Still time left for BBI to get act together

At the end of the year, we read of the decision to ditch a 'phone pilot which saw Boston residents ringing a Lincoln call centre with their environmental queries. The scheme ran for 16 months and wasted almost £10,000 of taxpayers' cash before it dawned on the powers that be in Boston that people in Lincoln lacked the local knowledge to answer queries from people in Boston.
Yet again, Boston has failed to grasp the obvious and abandoned a scheme which might well have worked had the people at the Lincoln end of the line been given a day or two's training.
The business of sharing does not seem to sit well with Boston Borough Council - or more specifically with the ruling Bypass Independent Party.
After a lot of gum gnashing, the council backed away from sharing back office services with South Holland and East Lindsey District Councils - a scheme that would have saved a fortune over five years.
The problem seemed to be that because of its pathetic financial situation, the council would have had to borrow the money needed to seed the scheme, whilst our more prudent neighbours had the cash in reserve.
So one financial problem generates another, the classic spiral of decline which we see so often.
So what is it about Boston Borough Council that seems to breed failure upon failure?
In recent months we have gained a steady insight into just how fractured life is in Worst Street.
We've glimpsed snatches of e-mails that show snide and patronising attitudes by the ruling Bypass Independents towards members of the opposition parties.
We've heard of the clashes that take place away from the eyes and ears of the press and public, and apparent abuses by politicians whose job is to facilitate the work of committees, not to hamstring it.
At the heart of all this is the obvious mindset of the BBI that whatever they want is right and that there is no alternative.

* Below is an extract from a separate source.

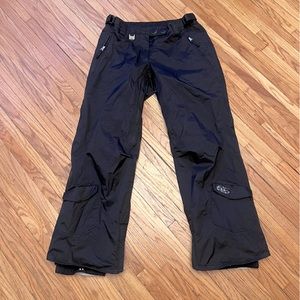 $275 Vtg Nike 6.0 SB adjustable sizing snowpants Snowboarding medium Cargo Black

They refuse to debate important issues and try to control committee representation in the way that dictators like Castro or Kim Il Sung would have applauded.

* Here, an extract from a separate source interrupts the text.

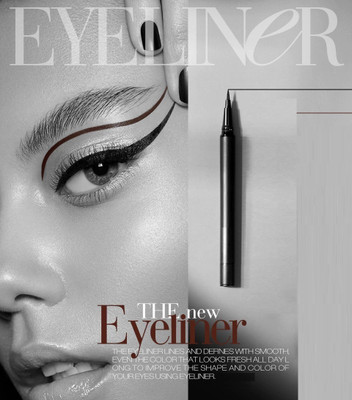 AMOSFIA Long Lasting Smudge Proof Eyeliner 5 g(Deep Black)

If there's any humour to be found in all this, then what's so funny as the BBI seriously seem to regard themselves as politicians.
But with the exception of their Leader, who gained a smidgen of experience with Lincolnshire County Council, the rest came untried and untested to local government and by and large are still on the starting blocks after more than two and a half years.
To free Boston from the quicksand that this sorry leadership is drowning it in needs more than an Improvement Board. It requires a fundamental change of mindset by the leadership.
Majority rule should not be regarded as a licence to ride roughshod over anyone who has the temerity to disagree with you.
The BBI has 16 months to get its act together and produce a competent, listening authority that will work in the interests of the people of Boston, rather than its own narrow and rapidly failing agenda.
But somehow, we don't think that it will.